Moratorium utang yang diawasi pengadilan dan proses kepailitan untuk sukuk jarang terjadi, mengingat kerumitan pembuatan aplikasi semacam itu di pengadilan agama dalam negeri, berbeda dengan pengadilan niaga. Hukum Indonesia menyatakan bahwa pengadilan agama memiliki kewenangan dalam menyelesaikan sengketa keuangan Islam. Namun, dalam praktiknya, hal ini dapat diselesaikan di pengadilan niaga jika kedua belah pihak setuju. Pengadilan agama sering digunakan untuk menyelesaikan transaksi ritel yang lebih sederhana, sementara pengadilan komersial biasanya mengadili sengketa komersial yang kompleks, karena pihak yang berperkara menganggap pejabat lebih kompeten dalam memutuskan masalah tersebut.
Misalnya, gagal bayar sukuk oleh PT Berlian Laju Tanker Tbk pada 2012 diselesaikan melalui pengadilan niaga dan menghasilkan rencana restrukturisasi. Kegagalan pembiayaan syariah di antara lembaga keuangan telah diperlakukan sama dengan default pinjaman konvensional dari apa yang telah kita amati sejauh ini. Restrukturisasi sukuk publik dalam negeri di luar pengadilan umumnya mengikuti perlakuan yang sama dengan obligasi dan mencakup perpanjangan jatuh tempo dan penangguhan distribusi berkala.

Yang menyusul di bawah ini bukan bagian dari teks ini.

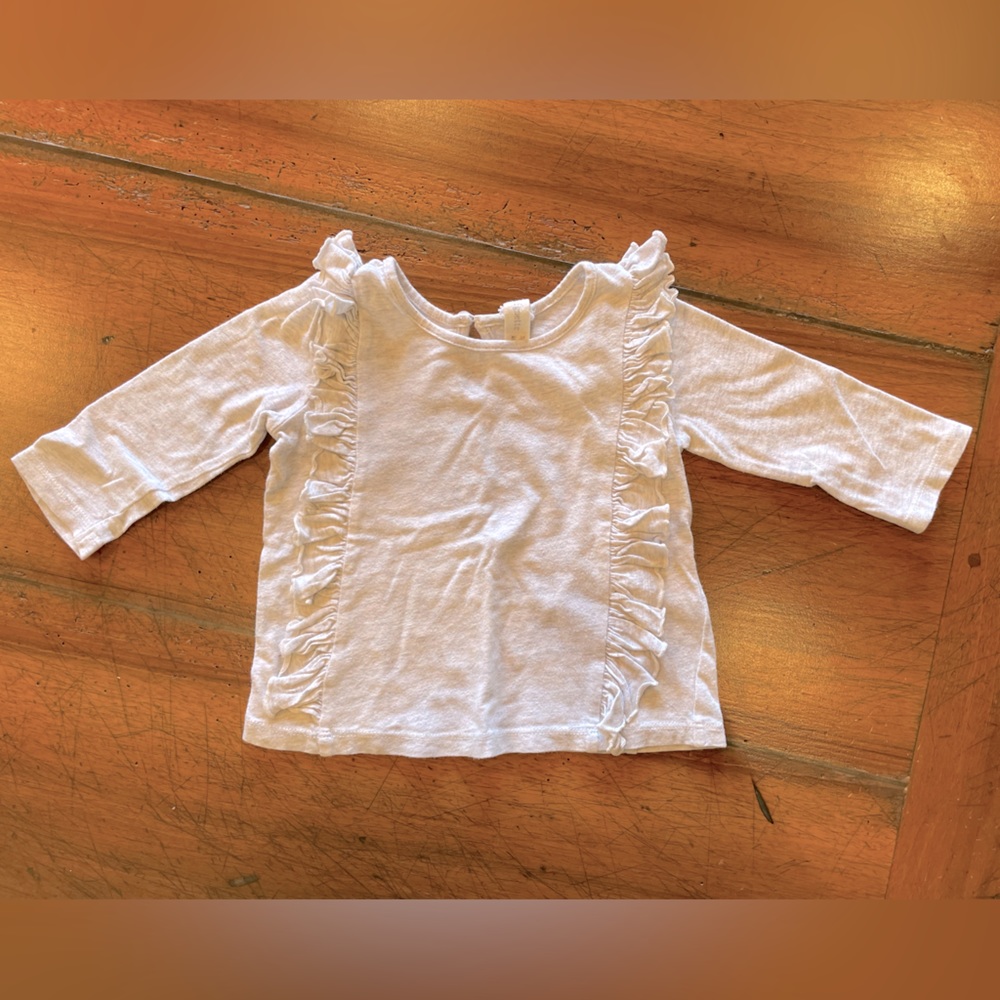 VIGNETTE | Toddler 2Y gray 3 quarter sleeve ruffle shirt w keyhole button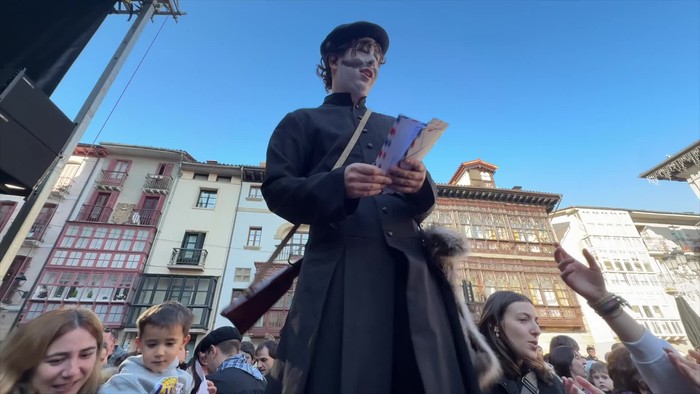 Olentzerorentzako gutunak banatu dizkiete Arrasateko haurrei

Sebagian besar sukuk internasional yang diterbitkan sejauh ini menciptakan efek ekonomi yang serupa dengan obligasi konvensional, dengan sebagian besar instrumen sukuk menyerupai kewajiban utang; misalnya sukuk terstruktur ijarah dan murabahah. Namun, sejumlah sukuk korporasi lokal yang gagal bayar pada 2019 dan 2020 didasarkan pada akad mudharabah, yang memiliki fitur equity-like atau bagi hasil. Perbedaan ini dapat memperumit perlakuan kreditur atau pemegang sukuk dan mempengaruhi jalan mereka, peringkat utang dan pemulihan atas default penerbit. Emiten yang melewatkan pembayaran sukuk secara berkala antara lain BUMN, PT Indah Karya (Persero), dan pengembang real estate, PT Prima Jaringan.
Sukuk yang diterbitkan di pasar modal internasional biasanya diatur oleh hukum Inggris dan tunduk pada yurisdiksi pengadilan Inggris atau pengadilan lain yang diakui oleh hukum dan yurisdiksi internasional. Namun, bagian dari dokumentasi dan keputusan apa pun juga akan diatur dan ditinjau oleh pengadilan di mana pembuatnya berdomisili dan keberlakuannya akan dibatasi oleh undang-undang setempat.